Among the records below, find the line with "sheer-v-neckline-satin-sheath-wedding-gown-with-ruffles-back" and the line with "laundry area with". Set down both and every line between, exactly and with no pictures, but nothing else.

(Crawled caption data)

= Beginning of Section =

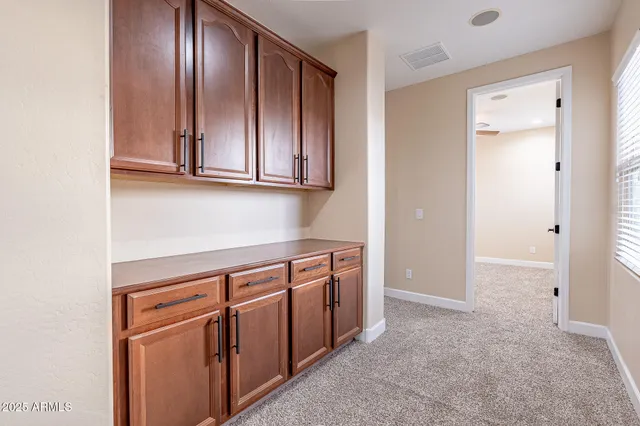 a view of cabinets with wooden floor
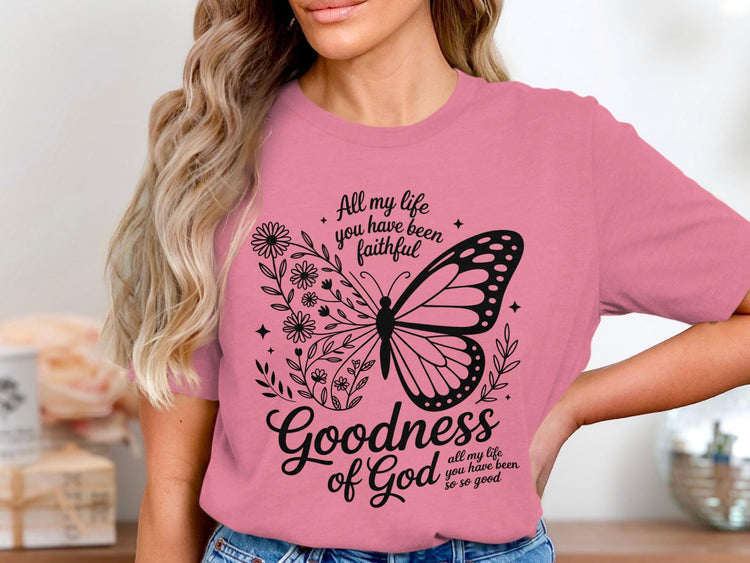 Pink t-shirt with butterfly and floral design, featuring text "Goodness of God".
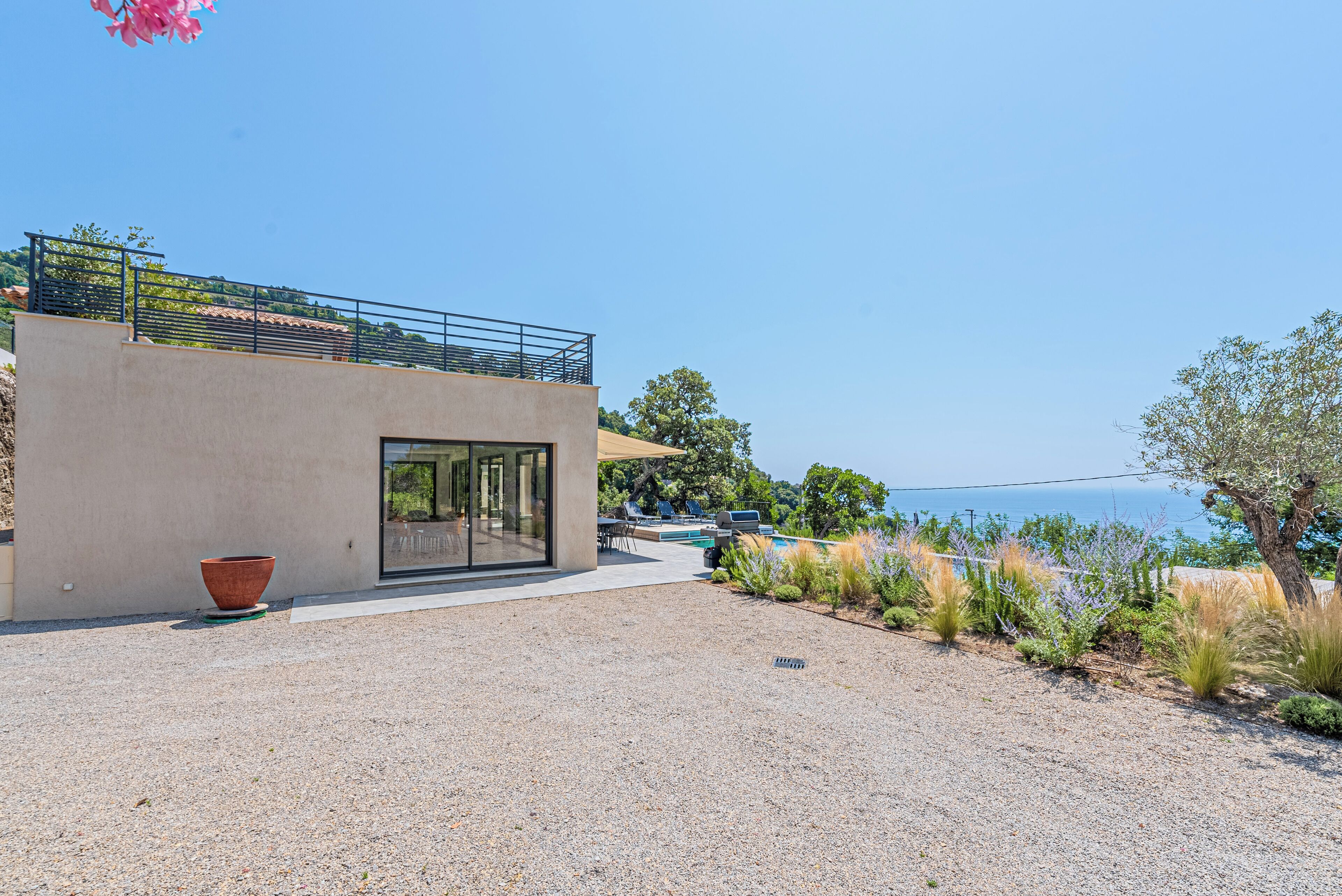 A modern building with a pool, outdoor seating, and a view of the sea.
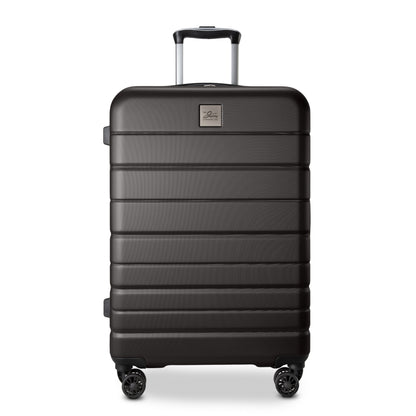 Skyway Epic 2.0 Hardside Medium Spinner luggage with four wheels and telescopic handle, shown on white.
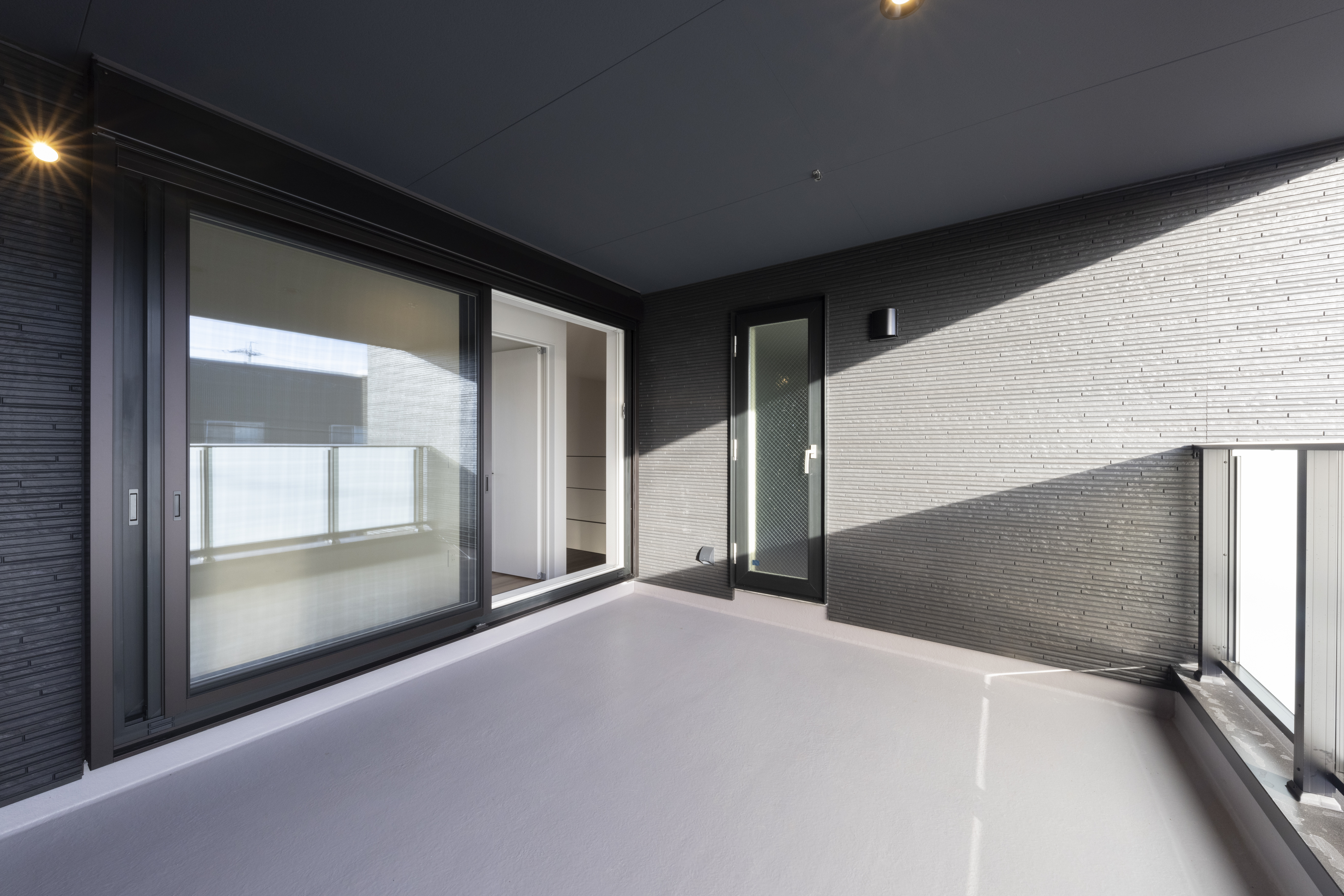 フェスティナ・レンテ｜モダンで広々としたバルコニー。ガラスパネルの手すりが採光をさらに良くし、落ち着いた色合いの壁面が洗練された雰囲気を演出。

= End of Section =
= Beginning of Section =

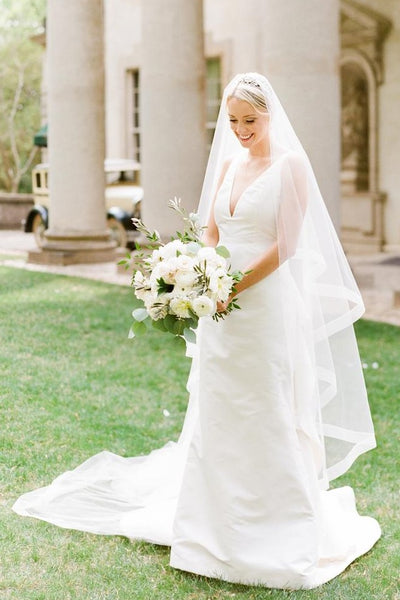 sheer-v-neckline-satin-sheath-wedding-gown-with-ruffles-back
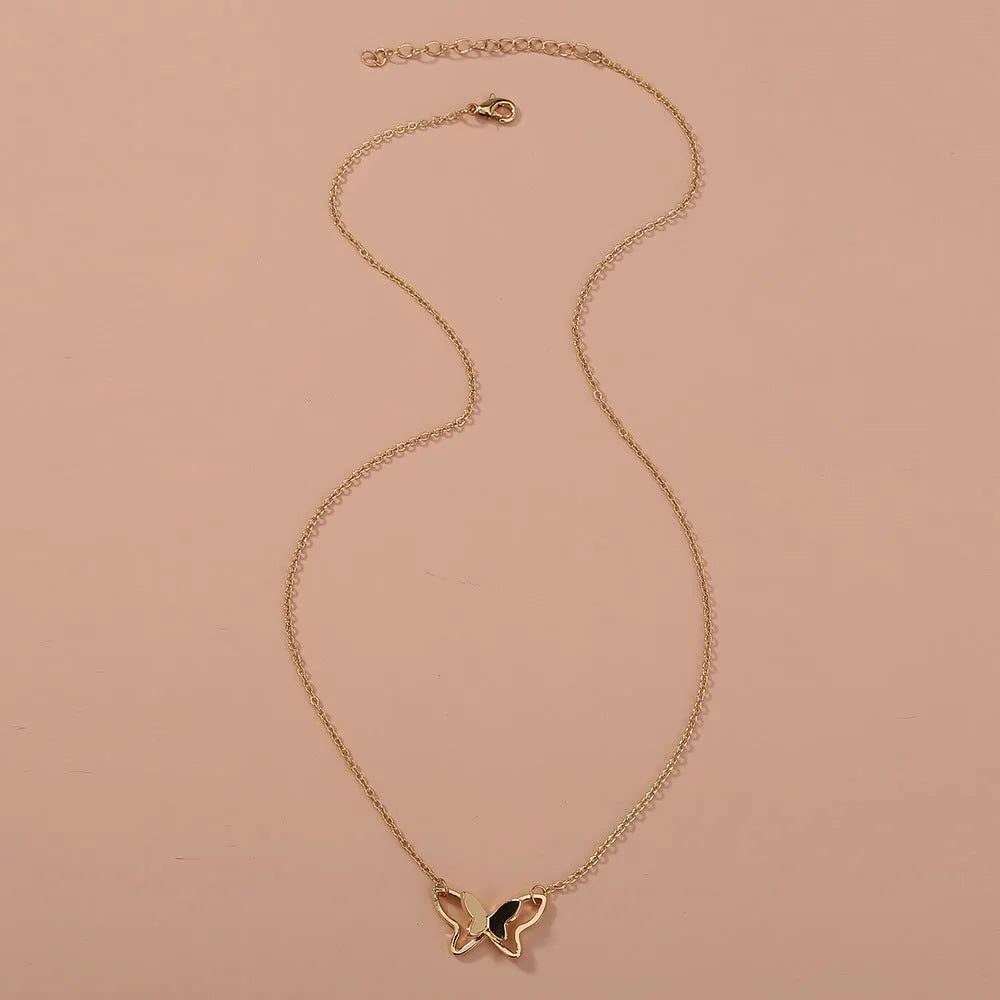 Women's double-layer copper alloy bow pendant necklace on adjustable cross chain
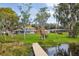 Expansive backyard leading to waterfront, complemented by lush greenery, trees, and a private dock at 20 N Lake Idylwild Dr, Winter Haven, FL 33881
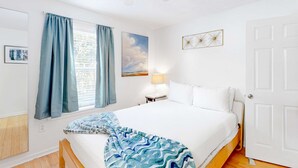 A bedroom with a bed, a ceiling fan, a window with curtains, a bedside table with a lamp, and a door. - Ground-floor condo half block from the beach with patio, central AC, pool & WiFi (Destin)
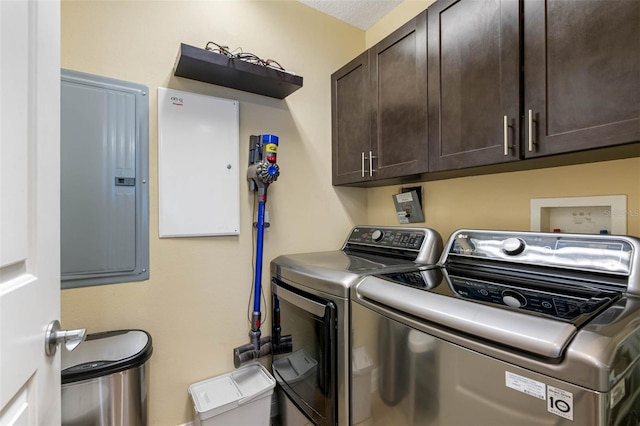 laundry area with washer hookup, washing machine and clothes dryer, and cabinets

= End of Section =

> [Answer to this problem]:
 sheer-v-neckline-satin-sheath-wedding-gown-with-ruffles-back
 Women's double-layer copper alloy bow pendant necklace on adjustable cross chain
 Expansive backyard leading to waterfront, complemented by lush greenery, trees, and a private dock at 20 N Lake Idylwild Dr, Winter Haven, FL 33881
 A bedroom with a bed, a ceiling fan, a window with curtains, a bedside table with a lamp, and a door. - Ground-floor condo half block from the beach with patio, central AC, pool & WiFi (Destin)
 laundry area with washer hookup, washing machine and clothes dryer, and cabinets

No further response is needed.